[Dataset excerpts]
....

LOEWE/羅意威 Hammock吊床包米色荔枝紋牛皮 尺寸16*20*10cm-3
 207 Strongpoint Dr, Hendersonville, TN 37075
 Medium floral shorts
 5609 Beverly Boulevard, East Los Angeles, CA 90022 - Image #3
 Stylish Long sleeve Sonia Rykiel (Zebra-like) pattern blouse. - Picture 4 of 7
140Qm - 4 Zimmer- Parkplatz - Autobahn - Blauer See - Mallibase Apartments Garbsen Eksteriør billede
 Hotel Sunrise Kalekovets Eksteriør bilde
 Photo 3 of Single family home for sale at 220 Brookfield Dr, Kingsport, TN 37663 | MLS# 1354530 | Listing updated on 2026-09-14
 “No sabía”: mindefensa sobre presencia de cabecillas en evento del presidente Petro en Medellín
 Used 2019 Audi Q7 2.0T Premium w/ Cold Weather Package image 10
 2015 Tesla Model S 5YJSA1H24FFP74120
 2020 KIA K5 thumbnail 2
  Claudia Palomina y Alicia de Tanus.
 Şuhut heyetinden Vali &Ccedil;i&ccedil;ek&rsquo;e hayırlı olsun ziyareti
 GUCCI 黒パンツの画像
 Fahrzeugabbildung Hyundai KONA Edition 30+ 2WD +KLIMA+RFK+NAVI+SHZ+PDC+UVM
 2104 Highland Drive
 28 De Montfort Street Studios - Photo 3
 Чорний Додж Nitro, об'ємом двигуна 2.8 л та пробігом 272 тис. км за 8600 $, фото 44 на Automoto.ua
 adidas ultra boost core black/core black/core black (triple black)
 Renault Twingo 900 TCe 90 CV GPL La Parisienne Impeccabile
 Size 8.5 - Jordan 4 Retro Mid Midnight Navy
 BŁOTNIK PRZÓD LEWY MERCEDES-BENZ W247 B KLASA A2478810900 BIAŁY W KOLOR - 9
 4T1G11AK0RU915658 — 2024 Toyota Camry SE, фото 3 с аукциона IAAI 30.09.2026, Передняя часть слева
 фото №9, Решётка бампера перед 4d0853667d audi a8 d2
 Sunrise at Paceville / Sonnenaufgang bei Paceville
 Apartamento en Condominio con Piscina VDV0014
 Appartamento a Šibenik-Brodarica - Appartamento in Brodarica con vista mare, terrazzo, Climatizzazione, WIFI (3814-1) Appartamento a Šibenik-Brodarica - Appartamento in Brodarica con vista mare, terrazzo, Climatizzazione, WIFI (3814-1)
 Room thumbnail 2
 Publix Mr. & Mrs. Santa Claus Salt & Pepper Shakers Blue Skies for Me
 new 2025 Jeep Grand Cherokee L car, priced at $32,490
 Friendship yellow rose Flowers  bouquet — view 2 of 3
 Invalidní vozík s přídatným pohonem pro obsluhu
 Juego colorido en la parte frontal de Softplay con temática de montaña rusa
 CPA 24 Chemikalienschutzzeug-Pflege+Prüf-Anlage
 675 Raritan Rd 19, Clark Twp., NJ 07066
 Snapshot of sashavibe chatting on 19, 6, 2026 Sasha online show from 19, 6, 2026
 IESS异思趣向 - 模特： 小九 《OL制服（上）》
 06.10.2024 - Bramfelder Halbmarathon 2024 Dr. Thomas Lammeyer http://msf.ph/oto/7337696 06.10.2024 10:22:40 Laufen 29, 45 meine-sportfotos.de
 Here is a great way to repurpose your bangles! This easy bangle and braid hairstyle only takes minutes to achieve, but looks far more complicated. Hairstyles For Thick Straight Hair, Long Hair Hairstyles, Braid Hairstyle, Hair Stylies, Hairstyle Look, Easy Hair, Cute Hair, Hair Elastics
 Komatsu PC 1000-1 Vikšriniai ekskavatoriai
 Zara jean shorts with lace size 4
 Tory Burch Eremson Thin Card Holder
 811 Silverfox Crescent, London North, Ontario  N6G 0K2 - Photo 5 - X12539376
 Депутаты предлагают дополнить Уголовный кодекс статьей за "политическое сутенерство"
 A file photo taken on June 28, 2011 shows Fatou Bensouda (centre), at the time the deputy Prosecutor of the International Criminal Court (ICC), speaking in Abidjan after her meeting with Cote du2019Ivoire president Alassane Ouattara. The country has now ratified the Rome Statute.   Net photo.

....

What you need to do — Copy each line in the entries above where the word "shorts" shows up.

Output below —
 Medium floral shorts
 Zara jean shorts with lace size 4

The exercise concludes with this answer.